While in 2012, the loaning procedure and funds are still on their way through installments, Greece as a country today owes more money that previously. Yet there is some capital that is now guaranteeing the short-term survival of the state and financial institutions.

However, demographics show that Greece is a. limited to 11 million people with negative signs of birth rates b. no major production or heavy industry, c. while people are leaving or have already took their legal savings out of the state, c. while its population is shrinking as it is also an aging population.

All this renders Greece more vulnerable in a. paying back all its debt b.rebuilding its economy c. re-inventing business d. building a new more open society in a positive and effective way, a model that will produce surplus to the state, to the society, to the community and to the family.

Life in Greece is ‘unbearable’ some say. Living natural conditions are perfect, yet the introduction of a multiplicity of taxes are not really effective.

Population: especially the young population that is massively internally migrating in the EU or immigrating elsewhere for a better future. This leads to an early conclusion that soon we shall see migration numbers as was the case in the 40s, 50s and 60s.
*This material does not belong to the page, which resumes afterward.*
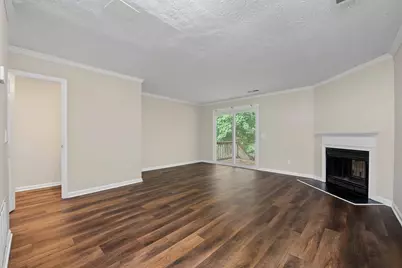 2041 Charter Manor, Lithonia, GA 30058 - Photo 6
Leading political parties are called by some a ‘destructive force’. “These are the parties to be blamed”. Yet, these are the parties that know how to negotiate and how to protects the national interests more than others, as by now they hold government experience, some others say.

The inequalities created and the conflicts of interest between party politics and the request for direct representation will lead small political parties to emerge. Other representative ones already in parliament, are expected to increase their numbers.

Greece has by this day 23 officially created by national law parties from which up to 10 parties may be joining the parliament due to: a. the votes of people and b. the percentage of the new electoral vote.

What is expected to happen:
1. Leading parties are expected to create a coalition to create a government.

2. at the same time, small parties will attempt coalition between them (left&right)

3. Leading parties will attempt coalition with specific smaller parties in case they do not hold 151 electorates.

4. Extreme right and left will be possibly be represented in the final new parliament giving rise in the long-term to historical disputes of the past.

Overall outcome:
Any possibility of a coalition government will be delayed rendering Greece even more vulnerable and uncontrolled.

Possibly Mr. Papademos may be asked to remain as PM.

Any new government will have to face uncertainties which will lead to new elections.